The bridge has not only been honestly built, but it may be safely asserted that it could not now be duplicated at the same cost. Much money might, however, have been saved if the work had not been delayed through want of means, and unnecessary obstacles interposed by mistaken public officials. Moreover, measured by its capacity, and the limitations imposed on its construction by its relation to the interests of traffic and navigation, it is the cheapest structure ever erected by the genius of man. This will be made evident by a single comparison with the Britannia Tubular Bridge, erected by Stephenson over the Menai Strait. He adopted the tubular principle because he believed that the suspension principle could not be made practical for railway-traffic, although he had to deal with spans not greater than 470 feet. He built a structure that contained 10,540 tons of iron, and cost £601,000, or about $3,000,000. Fortunately, he has left a calculation on record as to the possible extension of the tubular girder, showing that it would reach the limits in which it could bear only its own weight (62,000 tons) at 1,570 feet. Now, for a span of 1,600 feet, the Brooklyn Bridge contains but 6,740 tons of material, and will sustain seven times its own weight. Its cost is $9,000,000, whereas a tubular bridge for the same span would contain ten times the weight of the metal, and, though costing twice as much money, would be without the ability to do any useful work.

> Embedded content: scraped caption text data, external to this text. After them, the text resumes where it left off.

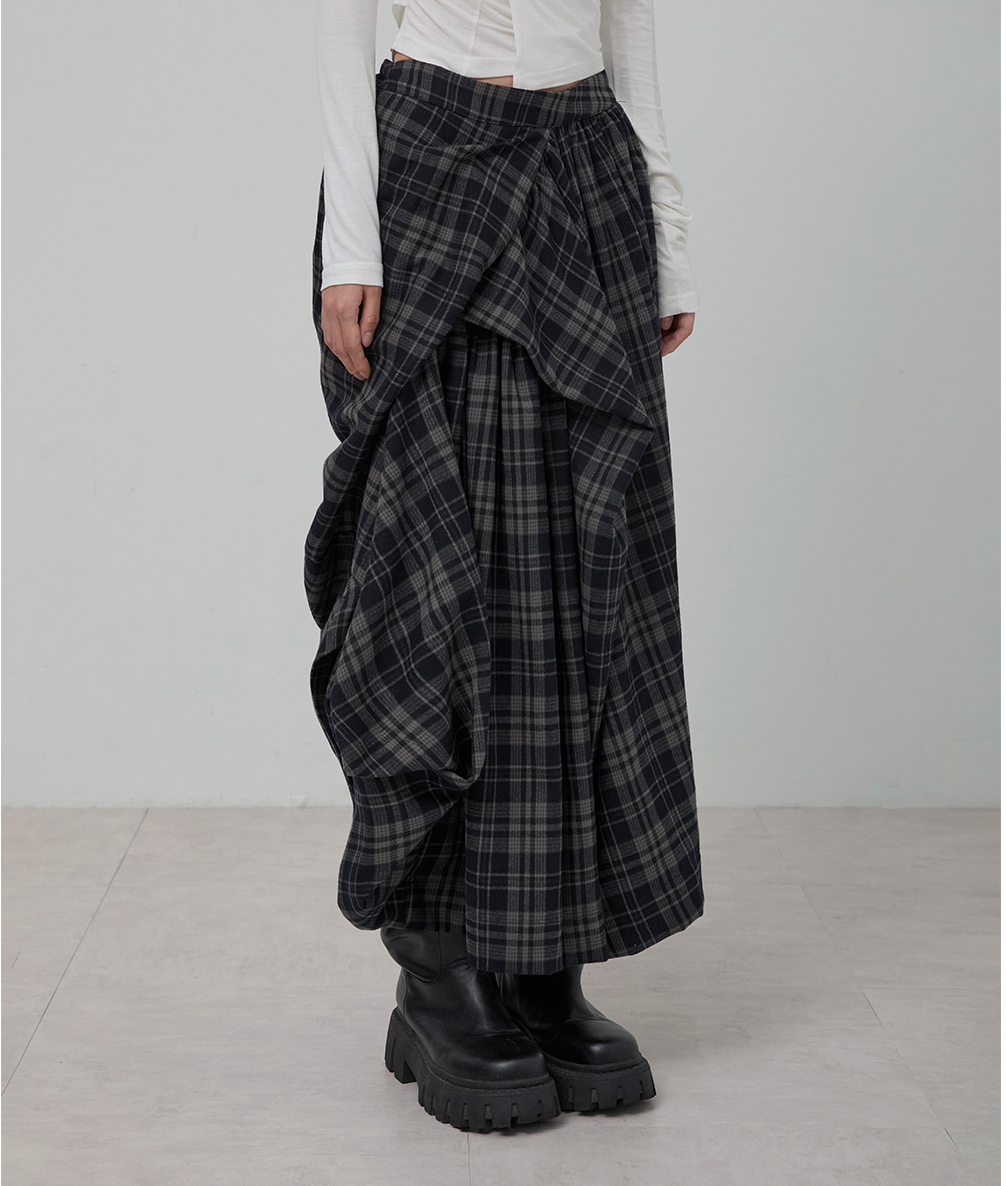 Asymmetrical Checkered Long Skirt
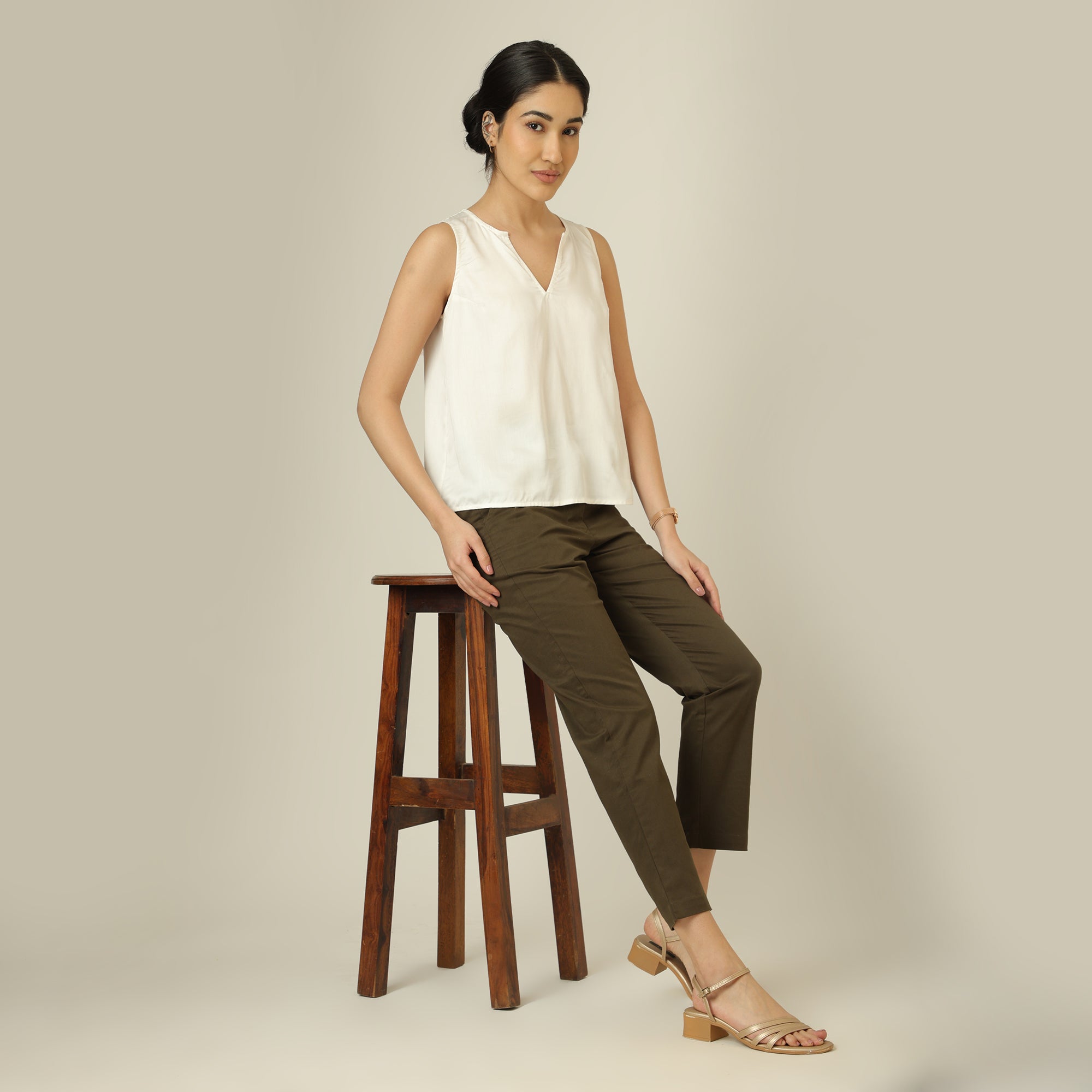 Ivy Split V-Neck Top - Ecru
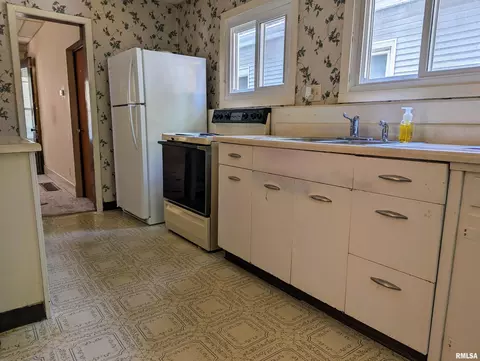 1312 Walnut St, Springfield, IL 62704 photo 6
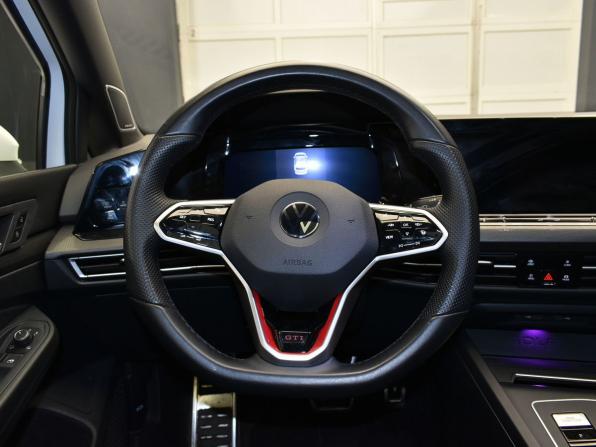 Volkswagen Golf GTI VIII с пробегом 2021 года, цена 3 717 000 рублей, 69824 км, хэтчбек, Автокод Объявления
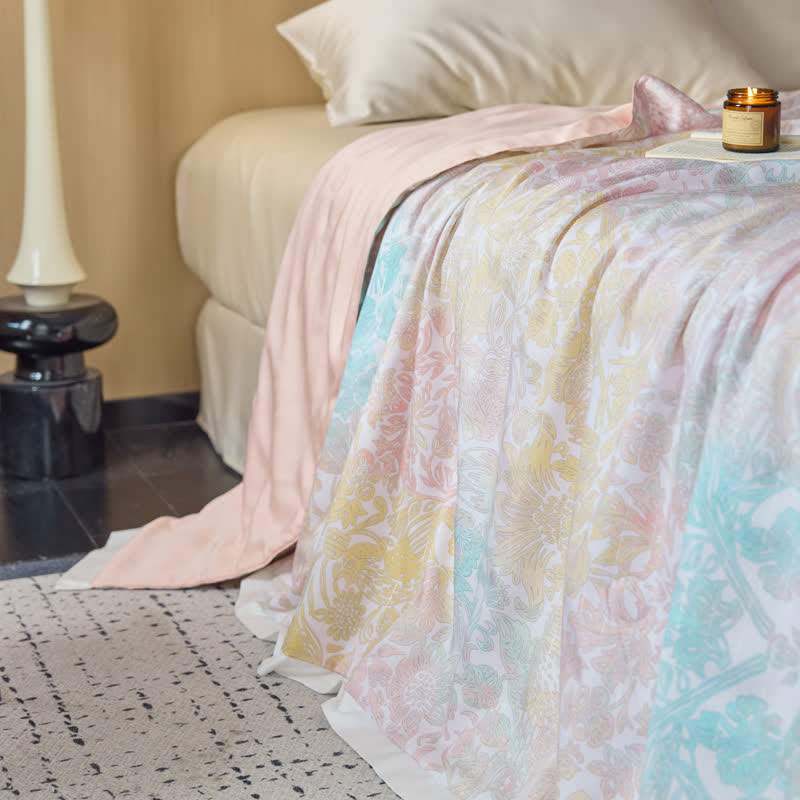 Couette douce en fibre de lyocell avec un motif floral coloré
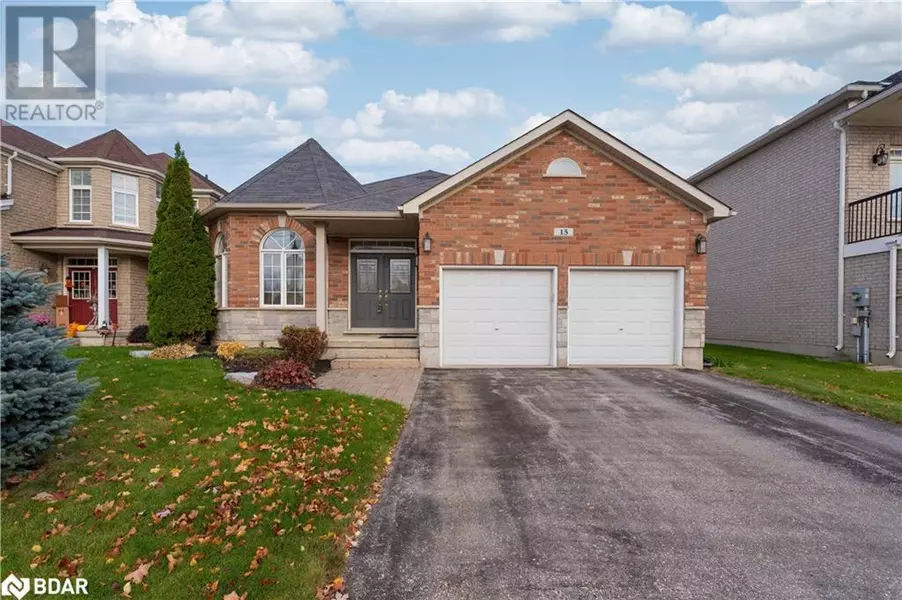 15 PRINCE WILLIAM Way, Barrie, ON L4N0Y9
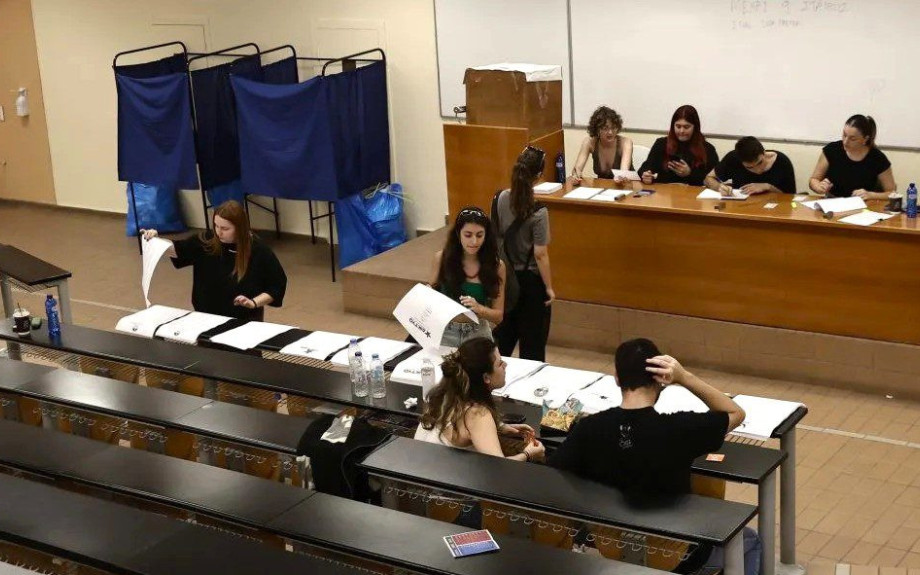 Στις κάλπες σήμερα οι φοιτητές στα Πανεπιστήμια όλης της χώρας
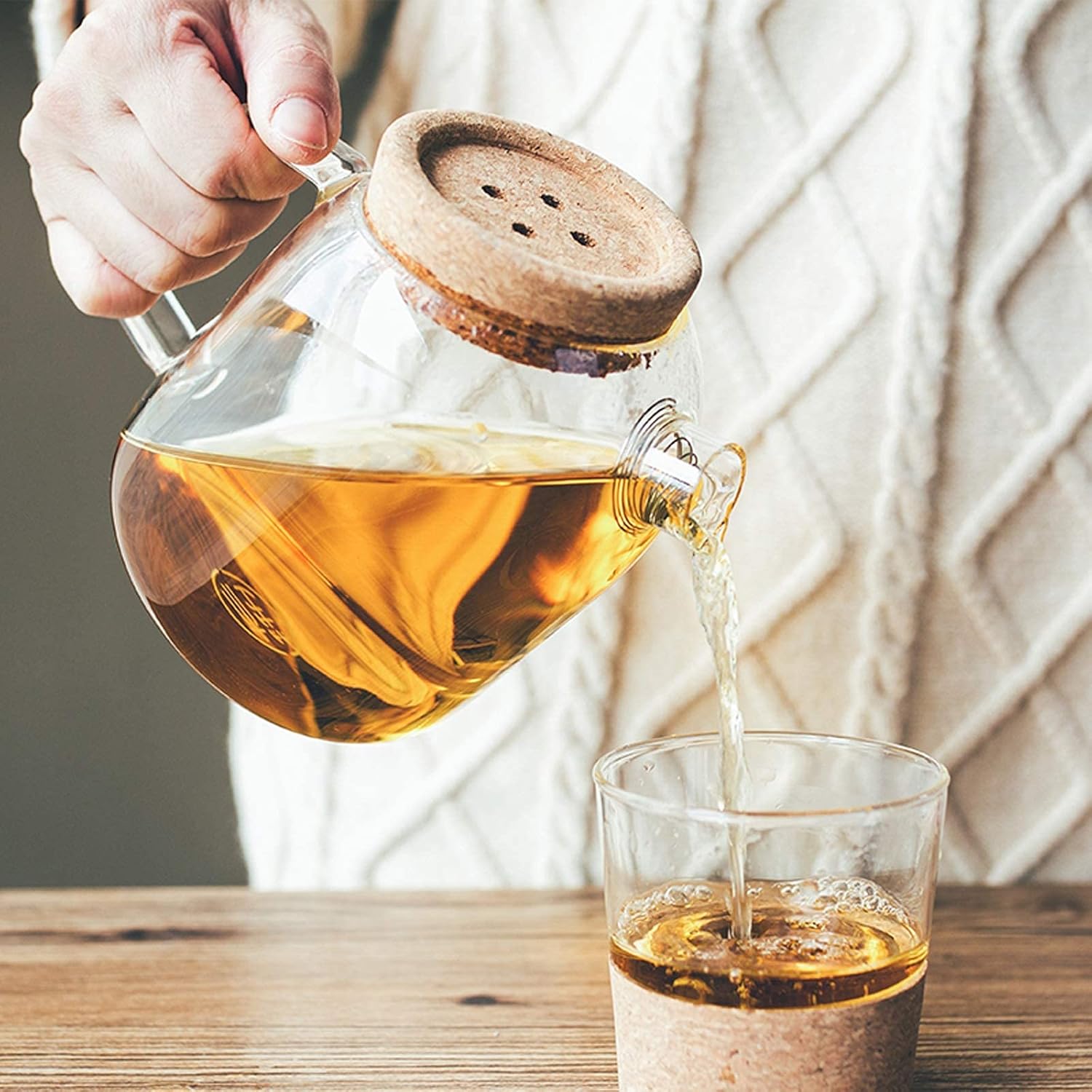 Glass Pitcher High Borosilicate Carafe With Cork Stopper And Strainer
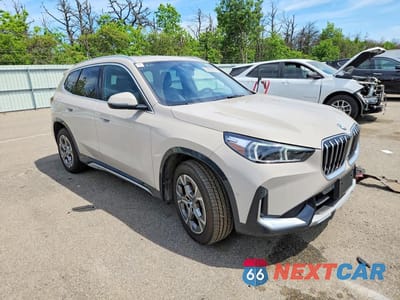 Czwarte zdjęcie samochodu z boku: 2026 BMW X1 XDRIVE28I VIN:WBX73EF06T5413898 - miniatura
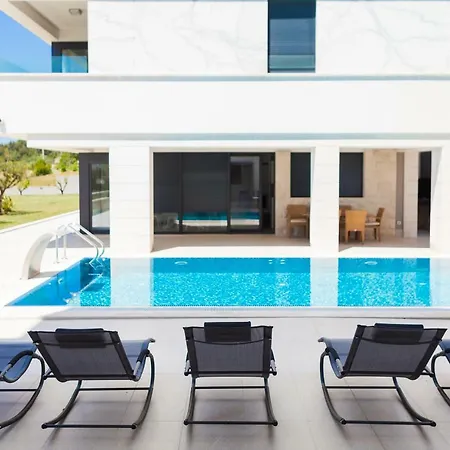 Unique 9 بودْسْتغانا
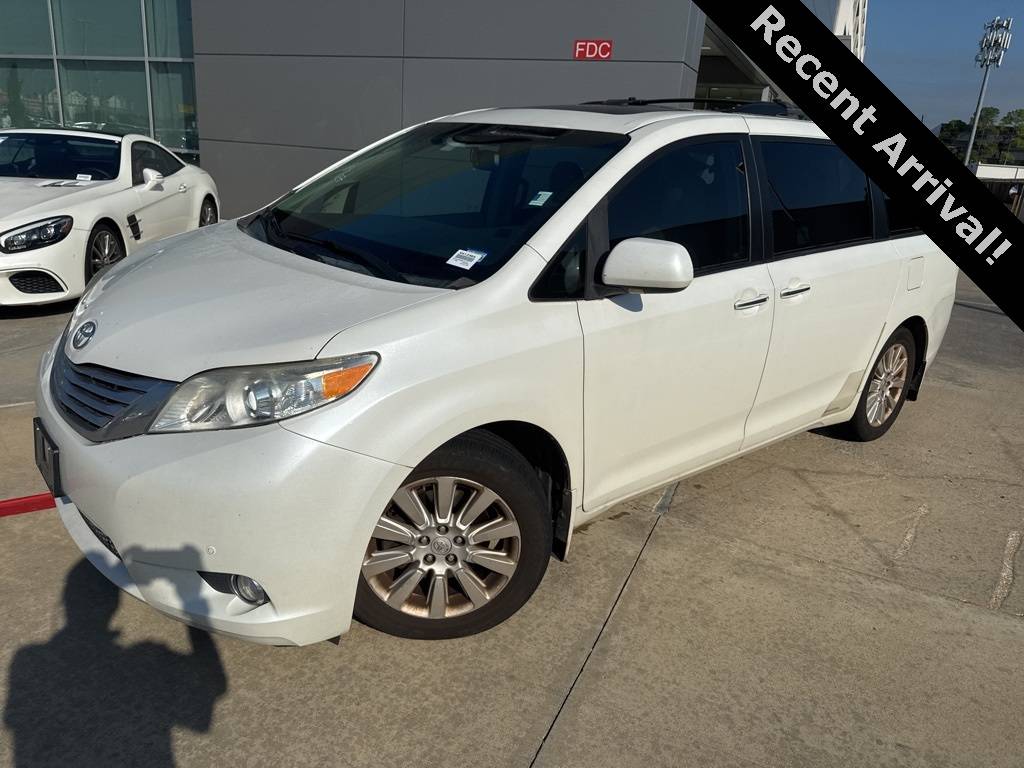 2011 Toyota Sienna Limited — Minivan — 161,328 mi — Houston, TX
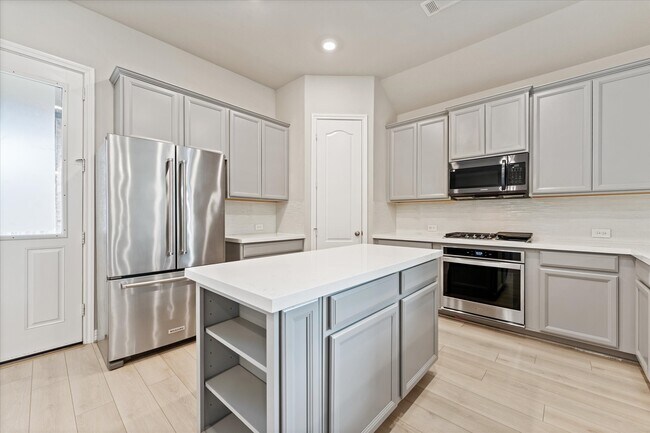 Building Photo - 32067 August Woods Wy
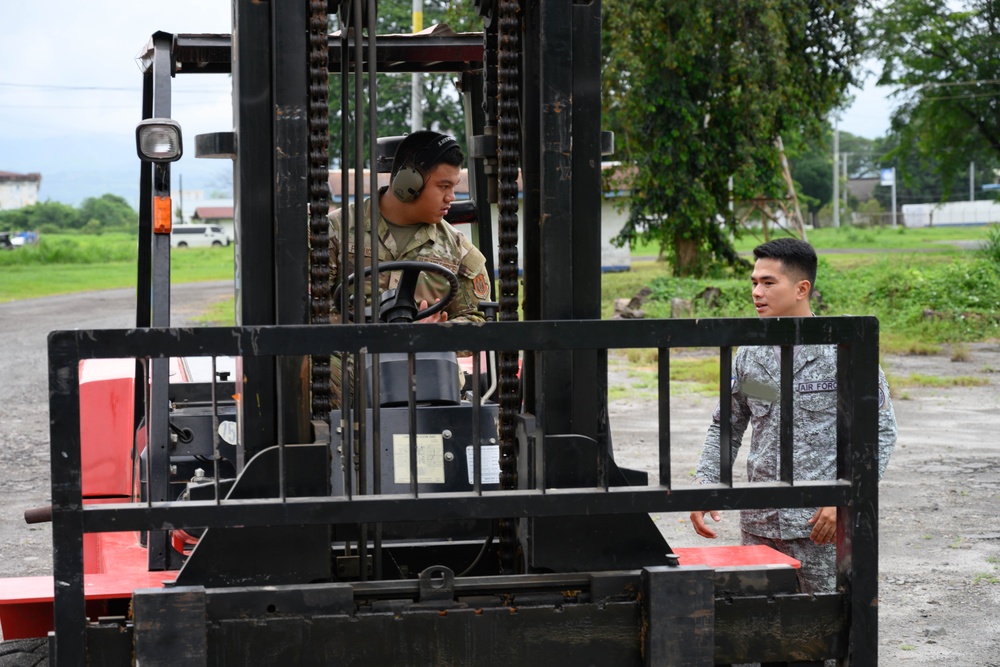 U.S. and Philippine Air Forces share materiel management expertise at Cope Thunder 25-2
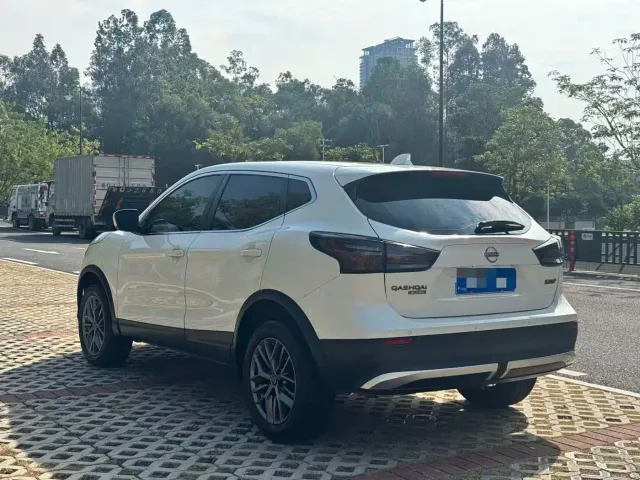 Nissan Qashqai — Фото автомобиля 7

Roebling, therefore, solved the problem which had defied Stephenson, and upon his design has been built a successful structure at half the cost of a tubular bridge that would have fallen when loaded in actual use. It is impossible to furnish any more striking proof of the genius which originated and of the economy which constructed this triumph of American engineering.
We have thus a monument to the public spirit of the two cities, created by an expenditure as honest and as economical as those which gave us the Erie Canal, the Croton Aqueduct, and the Central Park. If it had been otherwise, it would have been a monument to the eternal infamy of the trustees and of the engineers under whose supervision it has been erected; and this brings me to the final consideration which I feel constrained to offer on this point.
During all these years of trial and false report a great soul lay in the shadow of death, praying only to stay long enough for the completion of the work to which he had devoted his life. I say a great soul, for in the spring-time of youth, with friends and fortune at his command, he gave himself to his country, and for her sake braved death on many a well-fought battle-field. 'When restored to civil life, his health was sacrificed to the duties which had devolved upon him as the inheritor of his father's fame and the executor of his father's plans. Living only for honor, and freed from the temptations of narrow means, how is it conceivable that such a man—whose approval was necessary to every expenditure—should, by conniving with jobbers, throw away more than the life which was dear to him that he might fulfill his destiny and leave to his children the heritage of a good name and the glory of a grand achievement? Well might this suffering hero quote the words of "Hyperion": "Oh, I have looked with wonder upon those who, in sorrow and privation, and bodily discomfort, and sickness, which is the shadow of death, have worked right on to the accomplishment of their great purposes; toiling much, enduring much, fulfilling much; and then, with shattered nerves and sinews all unstrung, have laid themselves down in the grave and slept the sleep of death, and the world talks of them while they sleep! And as in the sun's eclipse we can behold the great stars shining in the heavens, so in this life-eclipse have these men beheld the lights of the great eternity, burning solemnly and forever!"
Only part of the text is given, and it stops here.